The mixture properties you need for thermodynamic calculations follow from treating the mixture as a single pure substance with molar-averaged properties. The mixture molecular weight M_mix = Σ x_i M_i is a straightforward molar average — heavier components pull it up, lighter ones pull it down. From M_mix you get the specific gas constant R_mix = R_u / M_mix (where R_u = 8.314 J/mol·K is the universal gas constant), which you can plug directly into the ideal gas law PV = m R_mix T to work in mass-based units. Similarly, the mixture heat capacity c_p,mix = Σ x_i c_p,i lets you compute enthalpy changes for the mixture just as you would for a pure gas.

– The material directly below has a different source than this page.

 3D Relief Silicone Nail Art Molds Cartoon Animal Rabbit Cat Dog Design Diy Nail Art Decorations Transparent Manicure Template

All of this works because ideal gas components do not interact — mixing them does not change their individual enthalpies, internal energies, or entropies beyond the entropy of mixing (which matters for chemical equilibrium but not for energy balances in most engineering calculations).
A practical example anchors the arithmetic. Dry air is approximately 21% O₂ and 79% N₂ by mole. The mixture molecular weight is M_air = 0.21×32 + 0.79×28 = 6.72 + 22.12 = 28.84 g/mol, giving R_air = 8314/28.84 ≈ 287 J/(kg·K) — the familiar specific gas constant for air. The partial pressure of O₂ at sea level (101.3 kPa) is 0.21 × 101.3 = 21.3 kPa. This is why oxygen partial pressure matters for aviation physiology and why altitude affects combustion — as you climb, P_total falls and with it P_O₂, reducing oxygen availability even though the mole fraction stays the same.
For real gas mixtures, the ideal treatment breaks down because intermolecular forces between unlike species differ from forces between like species, producing volume and enthalpy changes on mixing. Real gas equations of state like van der Waals or Peng-Robinson require mixing rules for their parameters — empirical or theoretically motivated formulas for the cross-interaction parameters a_ij (attraction) and b_ij (size). These are more involved and depend on the specific gas pair. For engineering work at moderate pressures (combustion products below ~10 bar, HVAC systems at atmospheric conditions), the ideal mixture treatment is accurate to within a few percent and is almost universally used. Real-gas corrections become important in natural gas pipelines at high pressure, supercritical processes, and precision measurements where small departures from ideality matter.